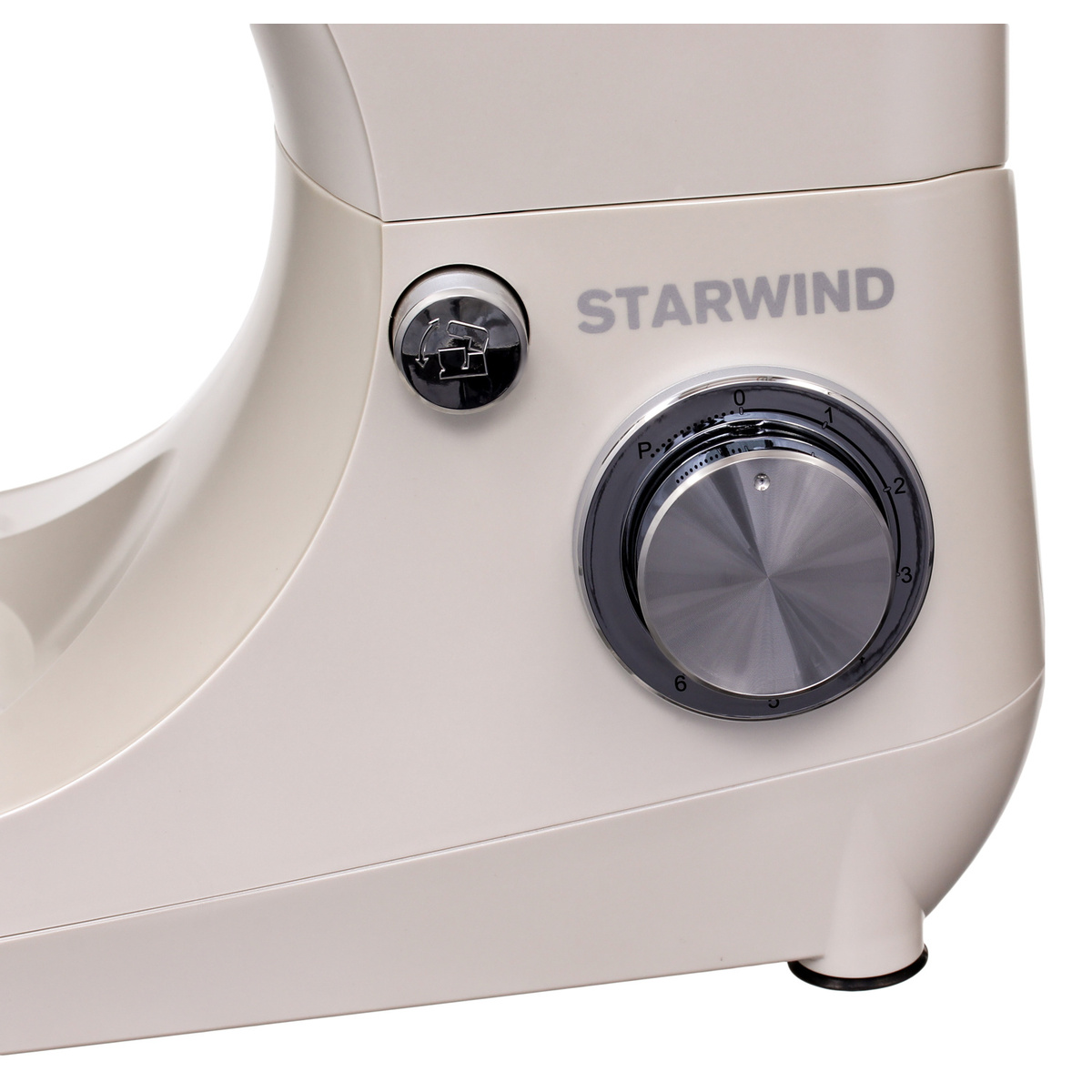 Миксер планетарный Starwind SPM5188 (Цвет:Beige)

----

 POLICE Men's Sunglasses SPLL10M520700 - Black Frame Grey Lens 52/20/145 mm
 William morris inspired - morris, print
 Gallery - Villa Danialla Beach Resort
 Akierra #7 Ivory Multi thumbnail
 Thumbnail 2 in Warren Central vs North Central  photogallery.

----

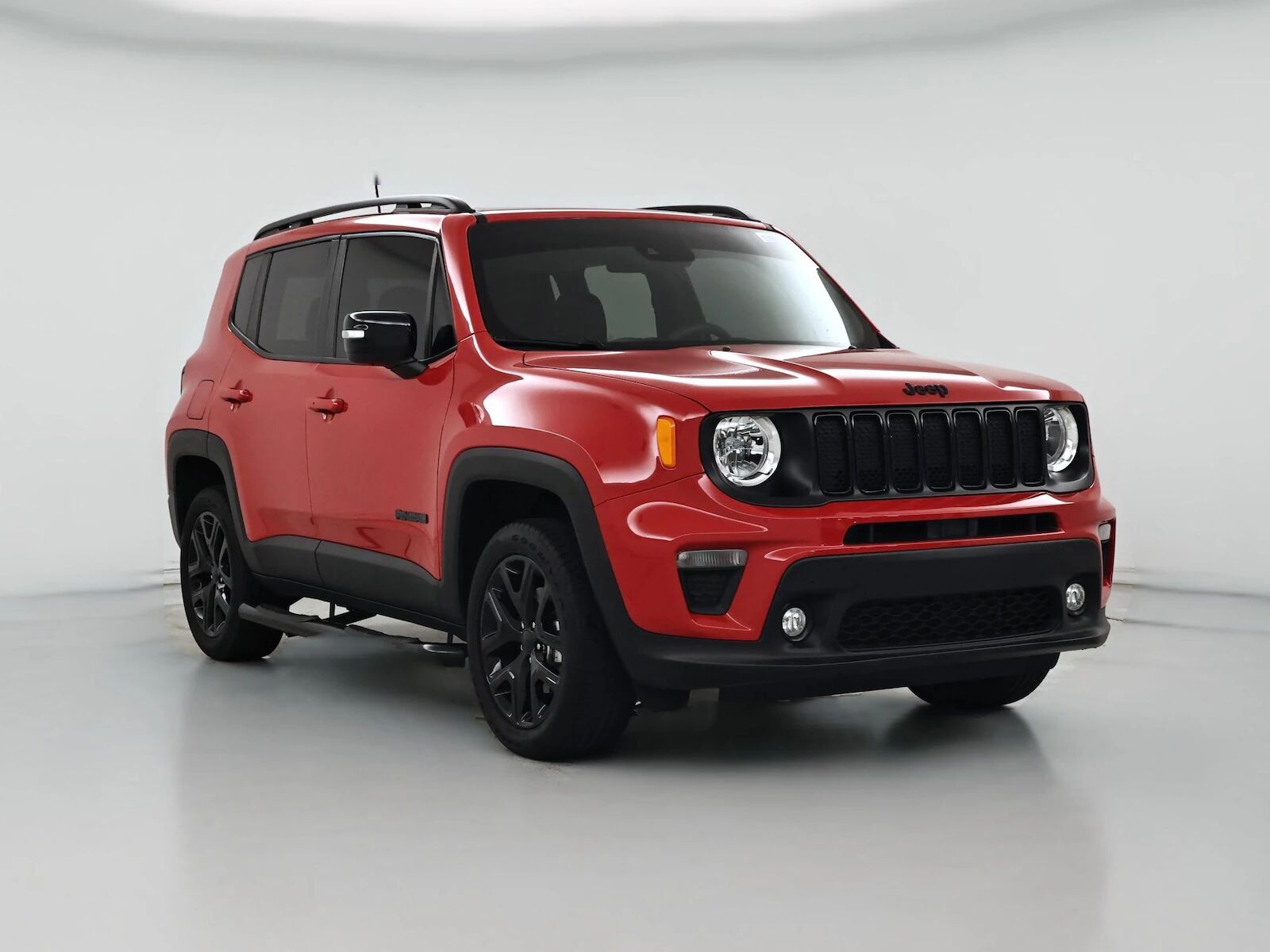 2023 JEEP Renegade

----

YOUR INSTRUCTIONS ▸
Print, from the entries above, the line with "POLICE Men's Sunglasses", the line with "Thumbnail 2 in" and all lines between them, exactly and with nothing else.

ANSWER SECTION ▸
 POLICE Men's Sunglasses SPLL10M520700 - Black Frame Grey Lens 52/20/145 mm
 William morris inspired - morris, print
 Gallery - Villa Danialla Beach Resort
 Akierra #7 Ivory Multi thumbnail
 Thumbnail 2 in Warren Central vs North Central  photogallery.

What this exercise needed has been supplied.